# Accuracy from the Prone position



## 22skill (Jul 15, 2009)

Hi All,

I have noticed that when shooting from the prone position I NEVER hit my target, despite good accuracy standing. I ALWAYS hit high...high left if I am shooting from the right, and high right if I am shooting from the left.

Anyone know what is causing this? I have the sight right where it should be and don´t know what is causing this.


----------



## Steve M1911A1 (Feb 6, 2008)

Sometimes, depending upon your technique, resting the butt of the pistol (or even your hand) on a solid surface (like the ground) will change your gun's point of impact.
Also, you will place bullets to the left (if you're right-handed) if you are either wrapping "too much finger" around the trigger or "milking" the gun (squeezing the entire grip, along with your trigger-finger movement). It reverses when you use your left hand.

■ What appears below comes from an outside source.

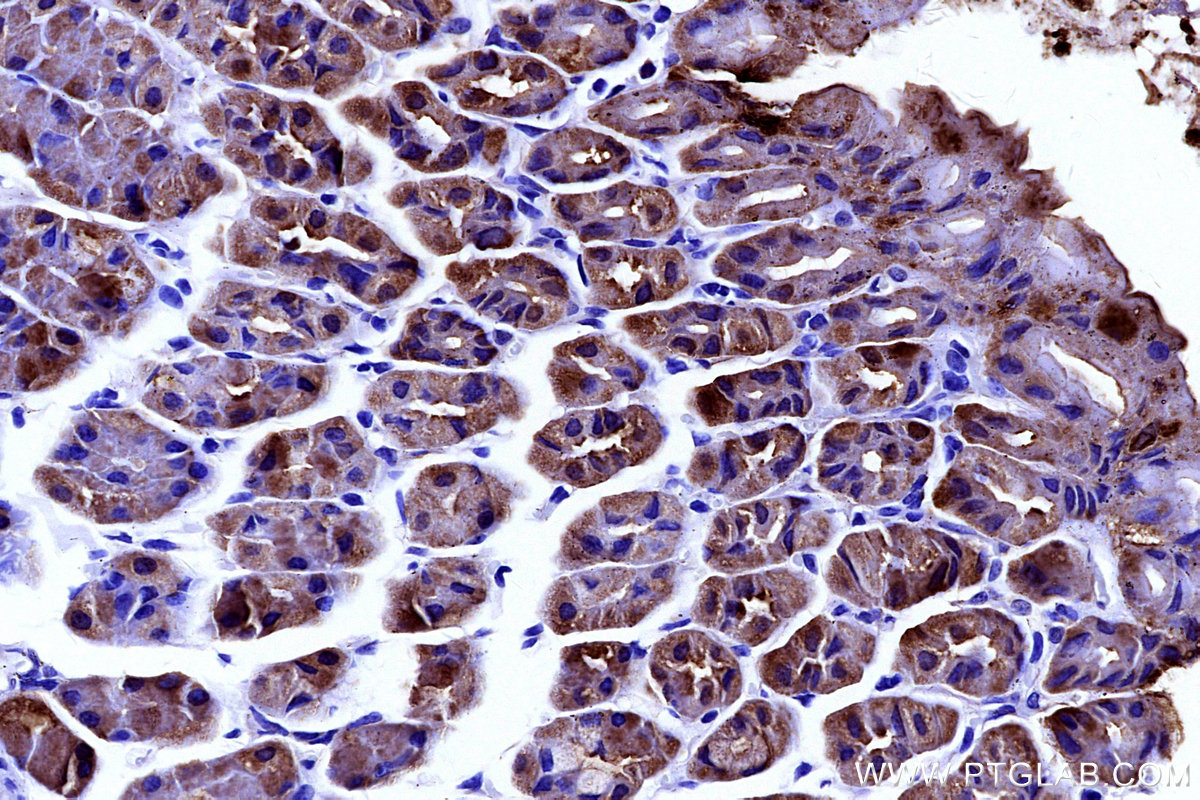 Immunohistochemical analysis of paraffin-embedded mouse stomach tissue slide using KHC3135 (SULT1C2 IHC Kit).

When you go prone, try to use "rollover prone," rather than "belly prone." Then, see whether placing your weak-side hand _under_ the gun's butt, between butt and ground, helps bring your hits down.
Merely going to "rollover prone" may be enough, and you may not need to place your weak-side hand under the gun at all. Experiment.

That's the best I can offer you.
My long-range pistol shooting has never been what anybody would call great, and now, in my older-age, it has become horrible.


----------